GEAPRESS – Quasi 3mila metri cubi, 2.700 per essere precisi. Spoglie di animali interi, in particolare ovini e suini, mescolati a  scarti di macellazione, tutti in avanzato stato di decomposizione. Il cimitero all’aperto è a ridosso degli stabilimenti della Agrolip Sarda, a Macchiareddu, alle porte di Cagliari. Nella zona industriale, mica nei meadri più reconditi dell’Isola!

La Ditta è una società specializzata nello stoccaggio e nella trasformazione di sottoprodotti provenienti da allevamenti e macellerie. Ma pare sia ferma dal giugno scorso. Duemilasettecento metri cubi di animali morti non si nascondono sotto lo zerbino, pressati come polpette occupano lo spazio di oltre 84 container, quelli da 20 piedi. Eppure giacciono nel piazzale dello stabilimento, occupando tutti i 2500 metri quadri disponibili.

Nas, Noe hanno sequestrato la montagna sacra, ora è emergenza sanitaria. Ci vorranno almeno venti giorni per bonificare la zona.Ma qui non si tratta di rincorrere il segreto dell’immortalità detenuto dai nove saggi, qui c’è solo morte, quella degli animali, ed il ladro di vita e di salute. Dei cittadini cagliaritani.

La Sardegna non conosce pace, da poco le vittime di Quirra hanno cominciato ad avere giustizia (leggi articolo GeaPress), il Gip  del Tribunale di Lanusei, nel Decreto di sequestro prevenivo dell’intera base militare,  scriveva  “Sussiste il fumus del delitto di disastro ambientale, quantomeno colposo, posto in essere con plurime condotte militari”. Eccone pronto un altro. Di disastro ambientale.
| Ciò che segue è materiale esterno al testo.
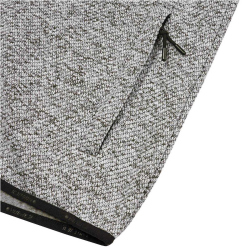 ICEPEAK Agarat Midlayer Jacke Herren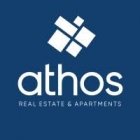 ATHOS REAL ESTATE DOO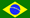 Brazil Brazil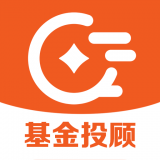 雷盾交易所最新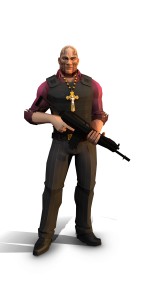 ꡼ No.016 | iOS/AndroidTom Clancy's Elite Squadפ827ۿȥࡦ󥷡꡼ο͵餬·Υޥ۸RPG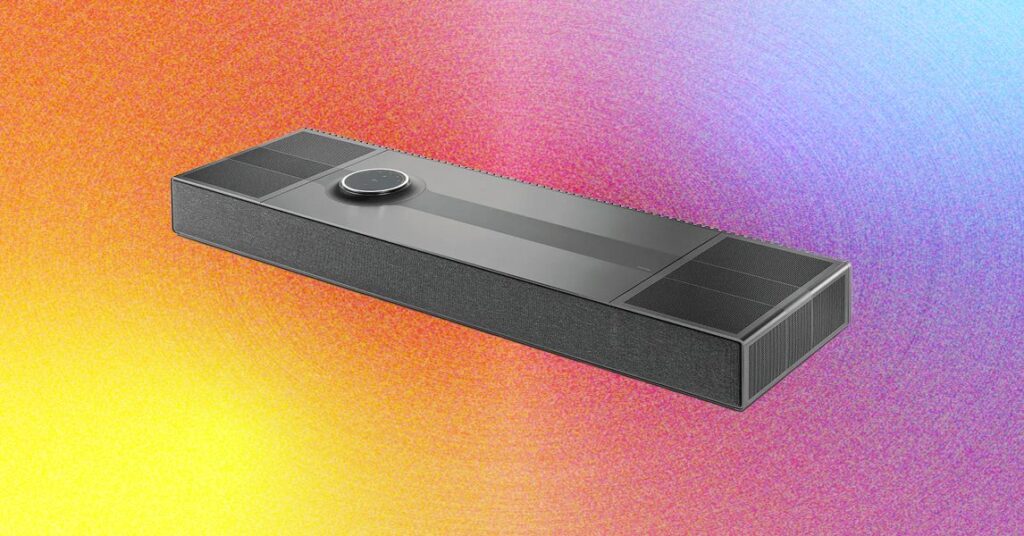 this-soundbar-is-all-you-need-to-create-a-cinema-experience-at-home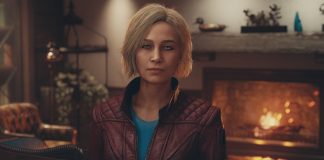 Starfield – chcesz duży bonus do XP? Musisz regularnie chędożyć partnera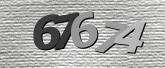 ภาพ Captcha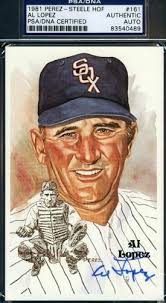 Vern Gardner Signed Government Postcard PSA/DNA Certified Authentic Auto  *1170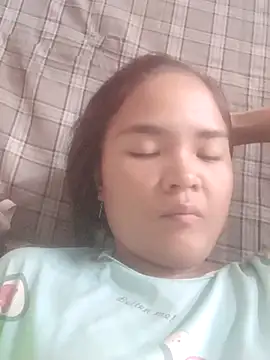 Sexy-Mama25 online show from 4, 10, 2025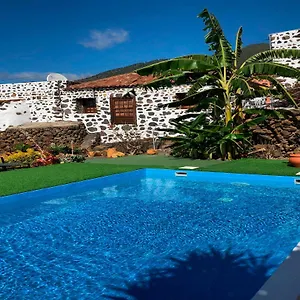 https://sombrero-de-pico-a.in-canary-islands.com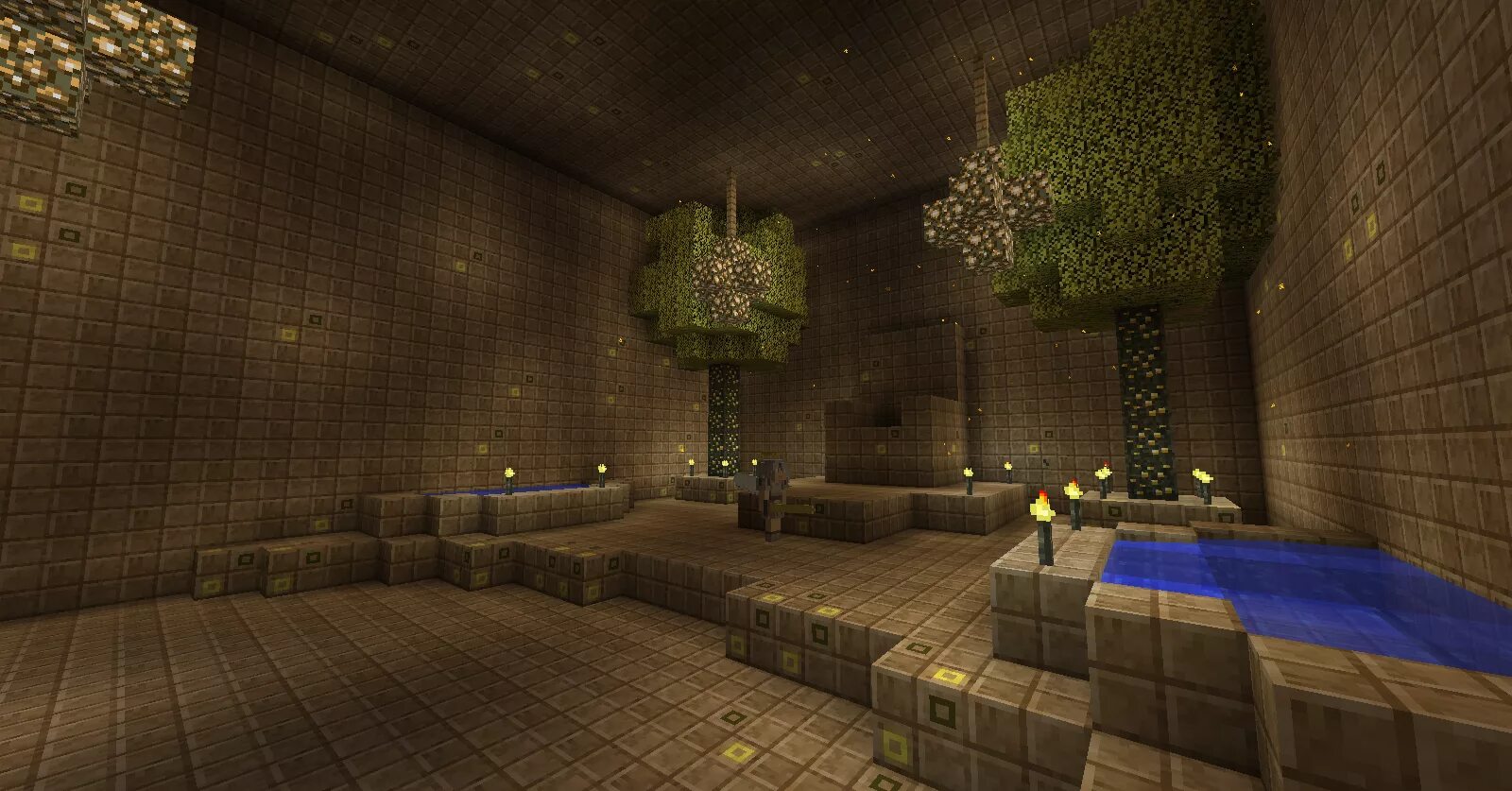 Minecraft aether. Aether legacy 1.12.2. майнкрафт aether legacy. майнкрафт рай aether 2. aether 1 мод.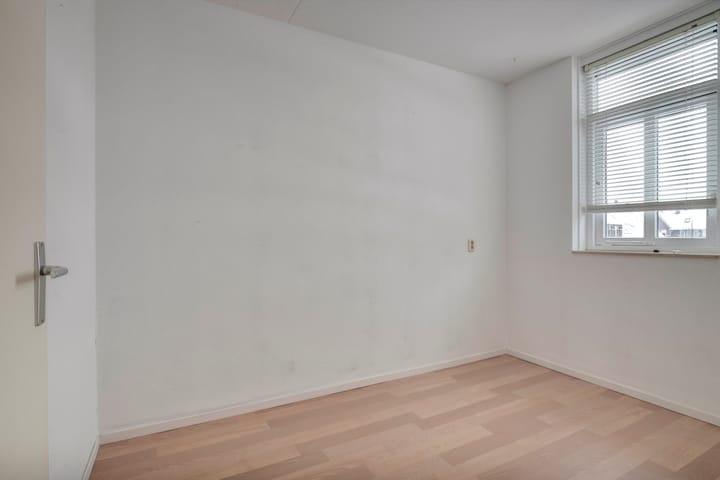 Foto 15 van Bakenbergerhout 53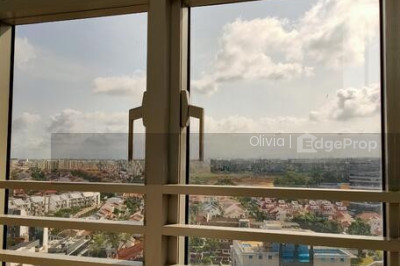 BARTLEY RESIDENCES Apartment / Condo | Listing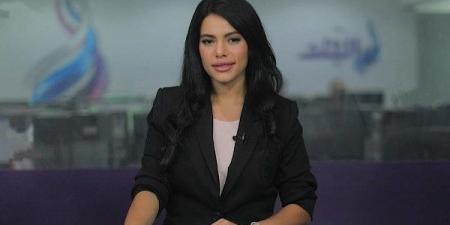 حرارة ورطوبة ورياح وأمطار  .. توقعات حالة الطقس على أنحاء الجمهورية - الكويت الاخباري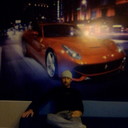 ���������� ����, ���� ������� ���������, 41 ���, ������������ ��� ������, ����� � ���������, c�������� ���������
Relativamente  agli impianti di trasformazione dei sottoprodotti animali, – Sottoprodotti! neanche da morti i nostri compagni di strada animali hanno diritto a definizioni “gentili” e rispettose –  già due volte, dalle pagine di GeaPress, abbiamo dato notizia di impianti  similari sequestrati dalle Forze dell’Ordine. A Trani (BAT) una Ditta produceva “farine di carne e di ossa” e “grassi colati” per la preparazione di fertilizzanti e mangimi per animali (leggi articolo GeaPress). A Pomezia (RM) venivano lavorati illecitamente resti di animali destinati alla distruzione (leggi articolo GeaPress).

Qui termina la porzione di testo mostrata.